Most areas in the City of Pittsburgh have combined sewers, which means that stormwater and sewage are carried in the same pipe. The average rain storm will cause this system to reach capacity and overflow, discharging a mix of stormwater and sewage into the rivers. This is known as a Combined Sewer Overflow (CSO).
What is a Sewershed?
A sewershed is the area of land where all the sewers flow to a single end point. As with watersheds, sewersheds can be large or small. Many smaller sewersheds lead to larger conveyance pipes, eventually leading to the ALCOSAN wastewater treatment plant. In Pittsburgh, there are many places where sewage can overflow into rivers or streams when stormwater fills up the pipes. We define the area that drains to each of these diversion points as a sewershed.
The above map delineates the different sewersheds in the area, the dark green are combined sewer areas and the light green are separated sewer areas. Type in your address in the search bar above to find out what sewershed you live in and how much your sewershed contributes to overflows into our rivers. To see what parts of the city generate the most overflow volume in a typical year, navigate to the legend on the top left corner of the map and check the "Priority Sewersheds" box.
Click on a sewershed to see details about it. The table contains information on whether the sewershed is combined or separated, the point of connection, the overflow volume in a Typical Year (TY) and other statistics. The Typical Year is based on historic trends and precipitation data from 2003. The sewershed listed as "Targeted for GI" are those where less than 85% of wet weather volume is conveyed to the wastewater treatment plant in a typical year. The table also includes statistics on average annual runoff for each sewershed. These estimates area based on modeling simulations that take into consideration the land use and topography of each sewershed.
You can make a difference and help reduce overflow volume!
Green Infrastructure allows rain to soak into the landscape and stay out of the sewer pipes.
Learn more about how you can incorporate green infrastructure on your property and in your community.
Conserving water when it rains can also reduce CSOs. If less water enters the sanitary sewer, flow coming from homes and businesses, the combined sewer system will have more capacity to manage stormwater.
Here are some ways you can reduce stress on the system during storm events:
Wait to do laundry
Take a shorter shower (or take one later)
Wait to flush the toilet
Here are some ways you can conserve water every day:
When doing laundry, always wash full loads.

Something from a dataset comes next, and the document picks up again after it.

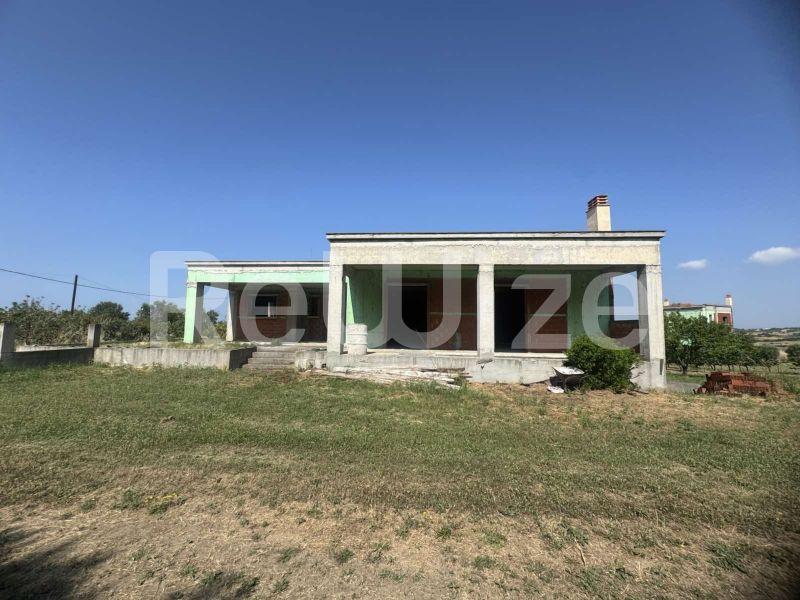 Photo 10,External View,SALE,Residency,Detached house in a complex,520sqm,€550,000,Mesimeri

The same applies when using a dishwasher—only run full loads.
If washing dishes by hand, fill up the sink instead of leaving the water running.
When it’s time to replace your washer unit or dish washer, choose a high efficiency washer with a low water factor.

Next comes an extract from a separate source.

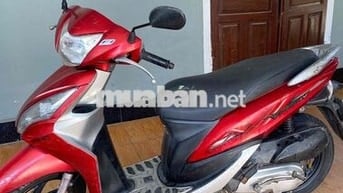bán xe Honda Vision xe máy êm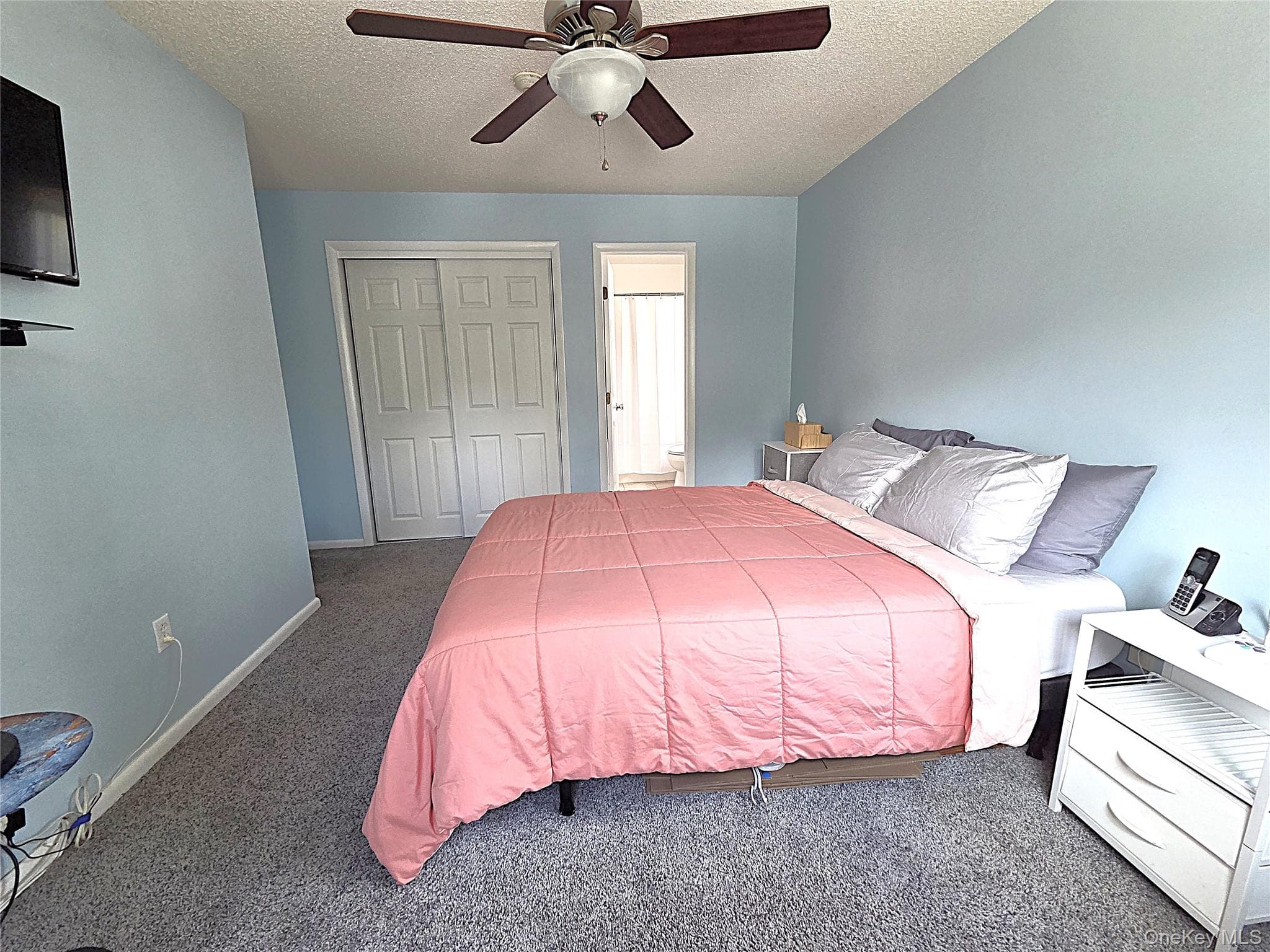 99 Eagle Ridge Way thumbnail 19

Check water bills for high water use instances to identify leaks.
Use low-flow shower heads and faucet aerators to reduce water use.
Don’t leave the water running when you brush your teeth.
Use a broom to clean your driveway or sidewalks instead of hosing them down.
Set up a rain barrel to reuse water for irrigating your lawn and plants.
If you live in a separated area, you can help improve water quality!
Although the separate sewer system does not carry sewage to the river during wet weather events (as the combined sewer system does), pollution carried by stormwater does degrade the water quality of our rivers. Stormwater collected in these pipes is not treated before being discharged into our rivers. As stormwater runoff flows over roads, rooftops and other impervious surfaces, it collects debris, oils,animal waste, salts, eroded soils, and other bacteria and metals, polluting the water.